HIPAA grants people the right to see and obtain copies of their health information from their healthcare providers and health plans. Once a HIPAA-regulated entity receives a request, it has 30 days to provide an individual or their representative with their records in a timely manner. If HIPAA-regulated entities need more time to comply with timely requests, they may obtain an additional 30-day extension of time to do this by providing written notice to the individual who made the request, including the reasons for the delay and the expected date by which the entity will complete the action on the request.

Newly-appointed OCR Director, Lisa J. Pino, has said that timely access to health records is a powerful tool for people to stay healthy, protect their privacy as patients, and is a right under the law. She has gone on to say that OCR will continue its enforcement actions to hold covered entities responsible for their HIPAA compliance and pursue civil monetary penalties for violations that go unaddressed.

For example, OCR has taken enforcement actions that underscore the importance and necessity of compliance with the HIPAA Right of Access, such as the enforcement action against Dr. Robert Glaser, a cardiovascular disease and internal medicine doctor in New Hyde Park, New York, who allegedly did not cooperate with OCR’s investigation or respond to OCR’s data requests after a hearing. He also did not contest the findings of OCR’s Notice of Proposed Determination. Consequently, OCR closed this matter out by issuing a civil monetary penalty of $100,000. Moreover, a licensed provider of residential eating disorder treatment services in Eugene, Oregon, Rainrock Treatment Center, LLC, doing business aa Monte Nido Rainrock (“Monte Nido”), has taken corrective actions including one year of monitoring and a $160,000 settlement payment to HHS for the alleged violation of the HIPAA Privacy Rule’s Right to Access. In the Monte Nido action, the patient requested records on two occasions—on October 1, 2019 and then again on November 21, 2019. Monte Nido complied with the request for access but not until May 22, 2020, more than six months after the initial request was made. Even still, OCR moved to enforce.
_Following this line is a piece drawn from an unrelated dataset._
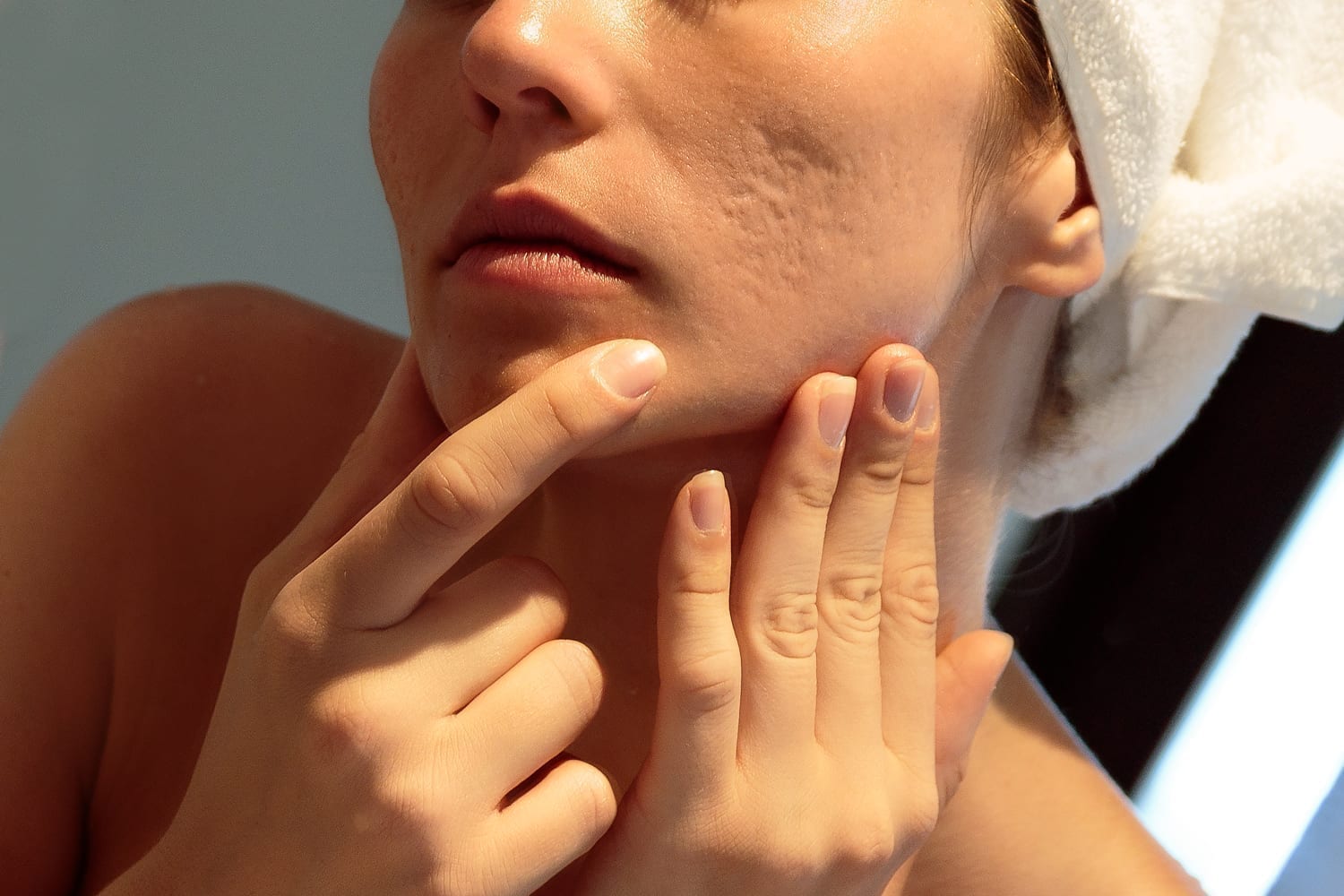 A woman with acne scars looks at her skin in the mirror.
These are just two examples of enforcement actions taken by OCR for violations of the HIPAA Privacy Rule’s Right to Access. In order to avoid an investigation and potential enforcement action such as the ones noted above, it is imperative to determine first whether you are subject to HIPAA’s Privacy Rule as a covered entity, and if so, to handle any requests for access to health information with requisite haste and attention so as to avoid costly and time-consuming regulatory enforcement actions.

DISCLAIMER: Because of the generality of this update, the information provided herein may not be applicable in all situations and should not be acted upon without specific legal advice based on particular situations.